Certaines personnes de l'Opus Dei sont reconnues pour leurs contributions à la société, par les écoles, les universités et le travail social, mais elles sont également confrontées à des récits négatifs à leur encontre. Pourquoi, selon vous, ces récits apparaissent-ils et comment peut-on les contrer ?

Parfois, je pense que les récits que vous mentionnez nous aident à nous purifier de la tentation de penser que nous n'avons pas besoin de corriger quoi que ce soit et encore plus de nous sentir satisfaits. Comme tout le monde, nous devons réfléchir au bien que nous voulons faire et à ce que nous faisons réellement. Notre fondateur nous a d'ailleurs prévenus que l'Œuvre devait vivre « sans gloire humaine ».

D'autre part, il est naturel d'avoir des points de vue différents car il existe de nombreuses façons de faire et de comprendre les choses. Les avis contraires peuvent être une aide lorsqu'ils sont sincères ; ils nous permettent de demander pardon et de nous corriger. Je voudrais que tous ceux qui viennent à ces activités puissent voir qu'il s'y agit de semer la paix et la joie.

Personnellement, je suis heureux de constater que presque tous les jours de l'année, nous recevons des demandes d'admission à l'Opus Dei de la part de personnes qui ont fait partie de l'Œuvre et qui, pour une raison ou une autre, s'en sont dissociées. Ces nouvelles sont une caresse du Seigneur qui, d'une certaine manière, surmonte certains « récits » trop dichotomiques.
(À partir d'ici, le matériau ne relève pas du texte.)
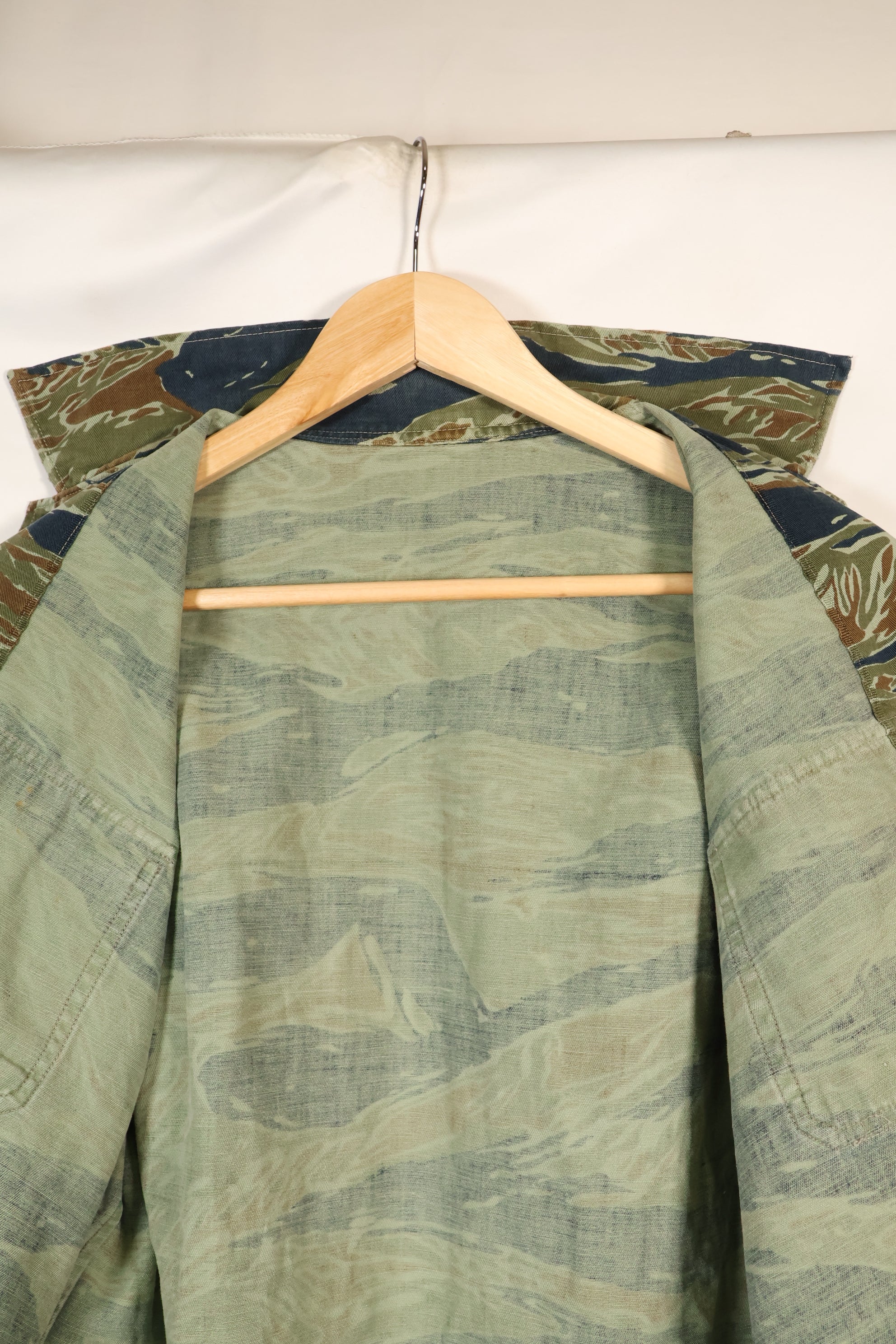 1970年代中頃　タイ製　シルバータイガー　ハーフスリーブシャツ　タイガーストライプ　中古品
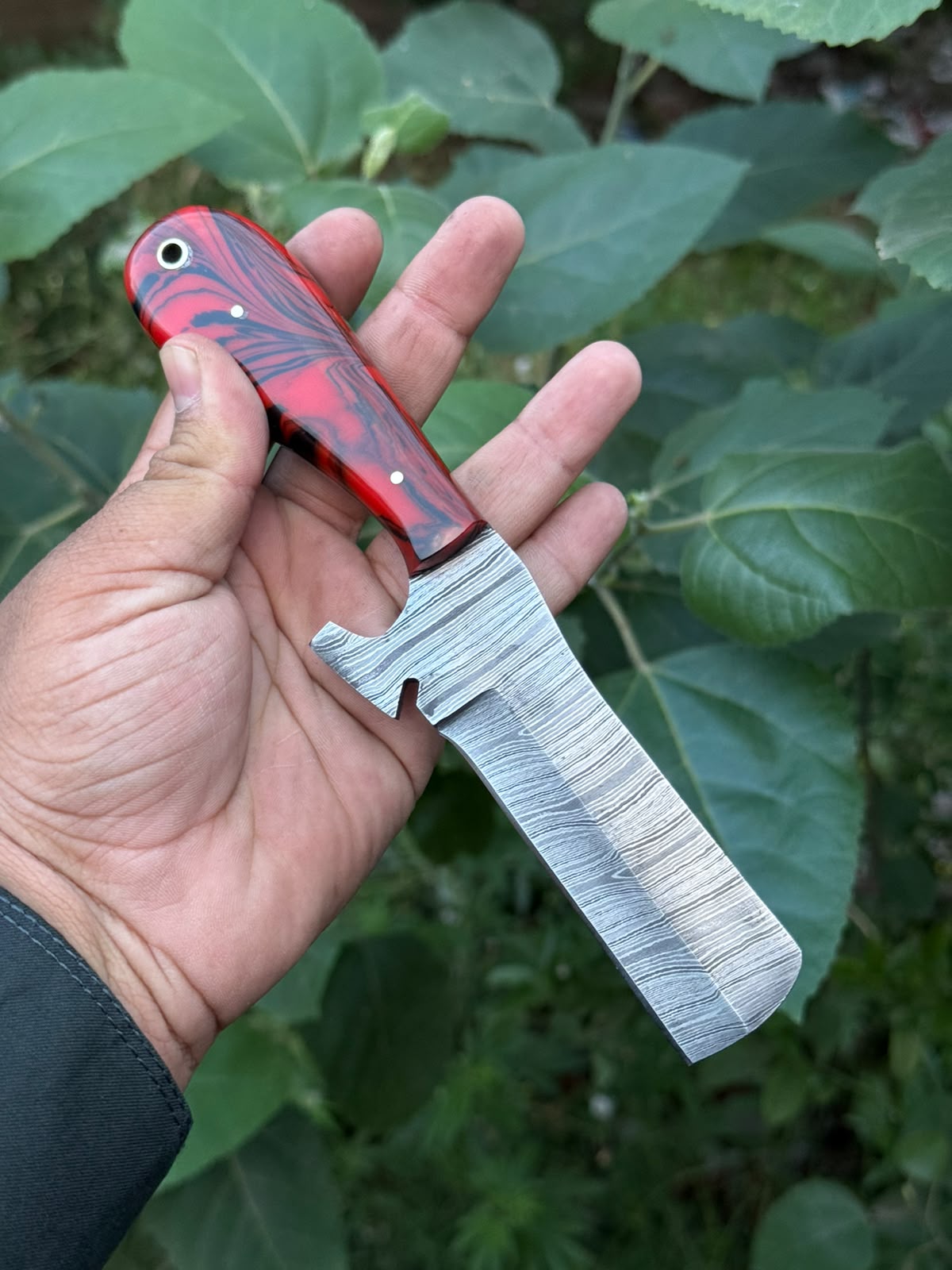 Crimson Razor Edge Bull Cutter Knife with Marbled Handle
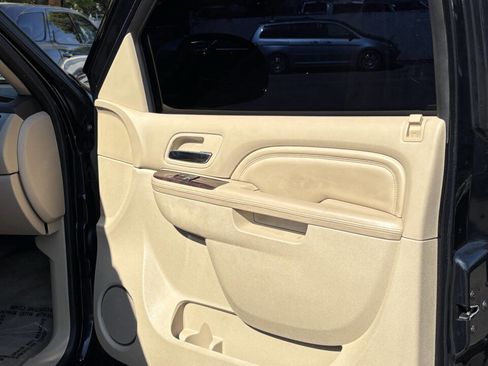 Used 2012 Cadillac Escalade Premium image 22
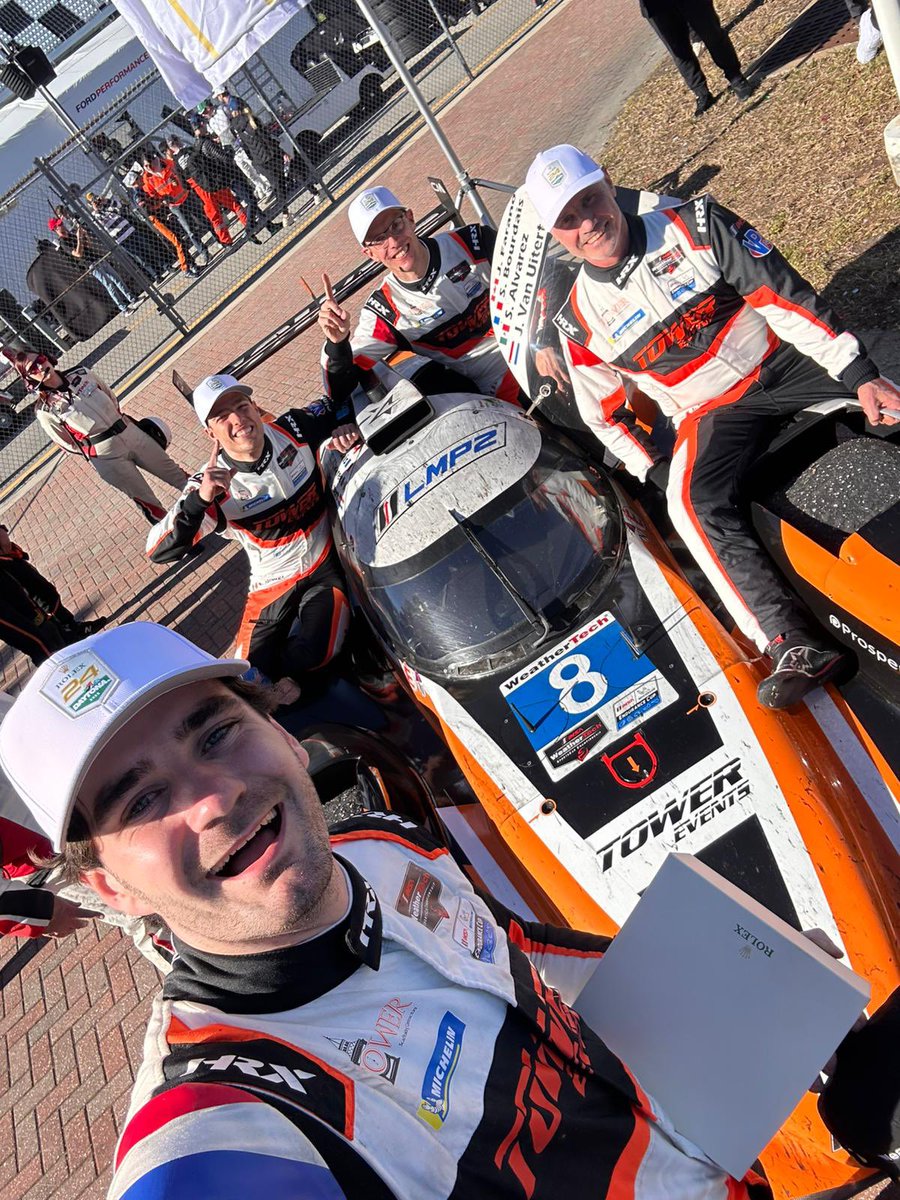 alvarezseb94's tweet photo. P1 las 24H de Daytona 🏆
Después de 24 horas largas y muchas emociones cruzamos la meta primer lugar. Estoy muy feliz de poder cumplir uno de mis https://t.co/KDTyg5djVI gustaría agradecer a mis compañeros, todo el equipo de Tower y mis patrocinadores por hacer esto posible https://t.co/TJyvzz30DF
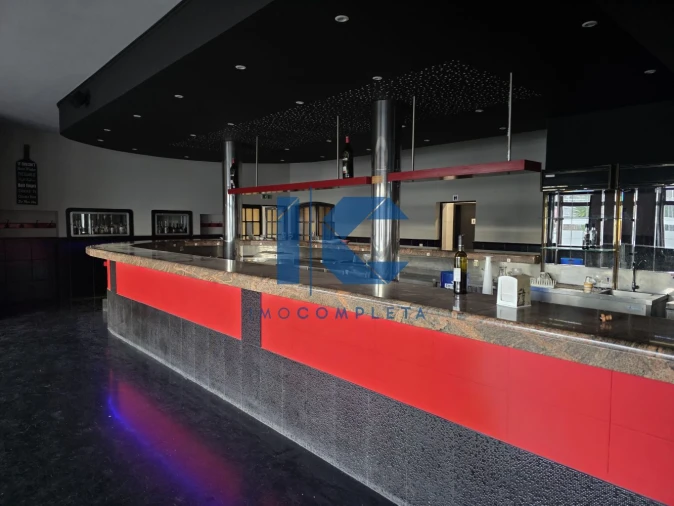 Loja para Arrendamento em Aguada de Cima Foto 3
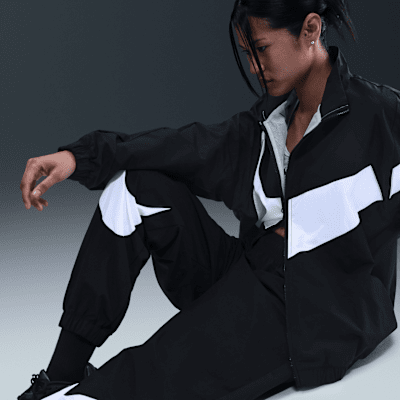 Nike Sportswear Women's Mid-Rise Joggers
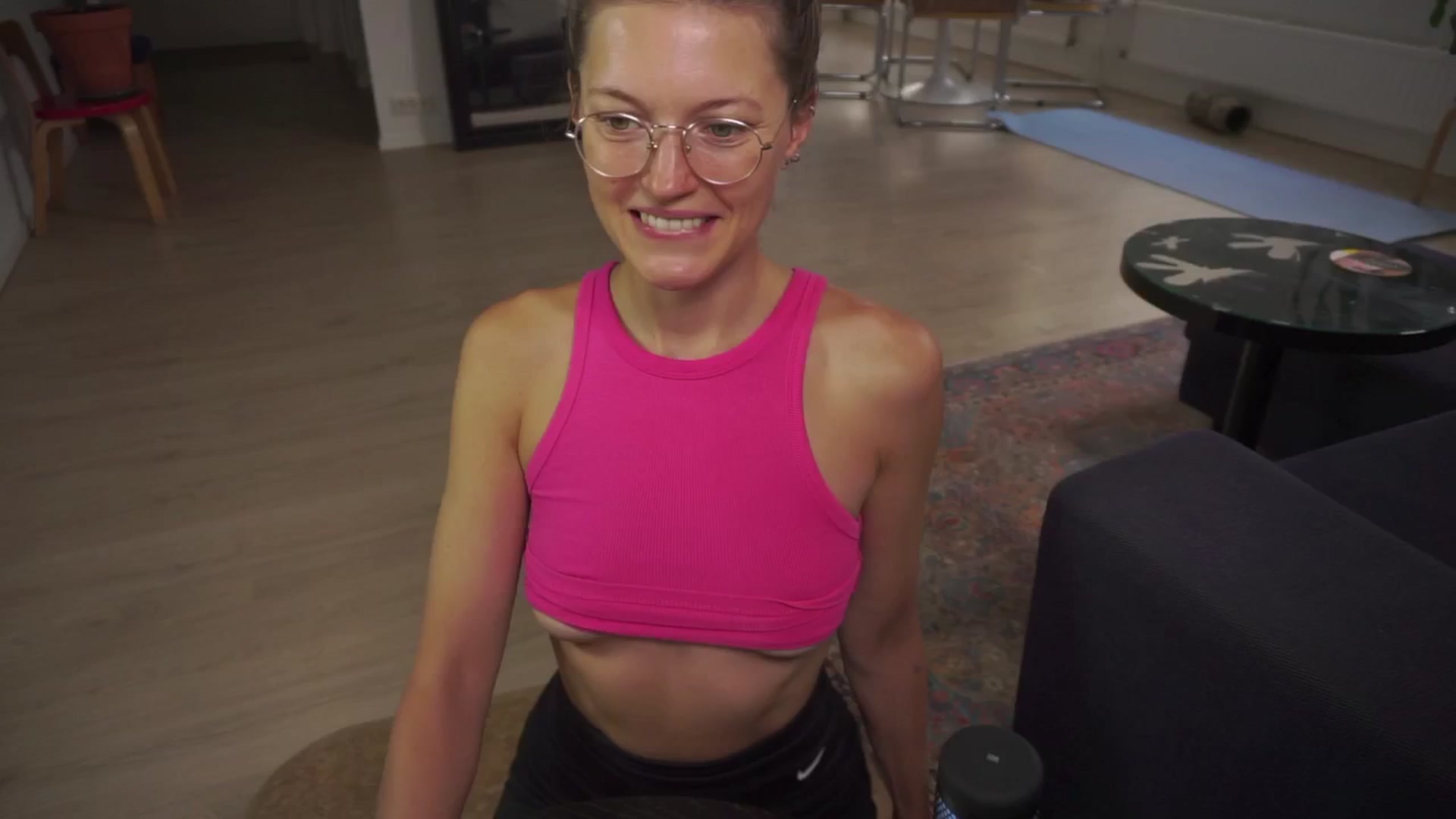 Gallery image thumbnail from Kinky_orange's myfreecams stream on, 08/27/2024, 09:37 image 7 of 20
L'année prochaine, le jubilé de la jeunesse aura lieu à Rome. Quel est, selon vous, le plus grand défi auquel les jeunes sont confrontés aujourd'hui pour s’approcher de Dieu comme un idéal attrayant ?

Seul le Christ est la réponse à toutes les questions que les jeunes ont dans le cœur aujourd'hui, et l'amour de Dieu le Père, lorsqu'ils s'ouvrent à Lui, est capable de guérir leurs blessures et leur fragilité. Peut-être est-ce plutôt nous, les adultes, qui devons nous demander si nous sommes capables de comprendre les jeunes. Logiquement, le témoignage d'une vie cohérente est aussi essentiel pour montrer l'attrait d'une vie avec le Christ.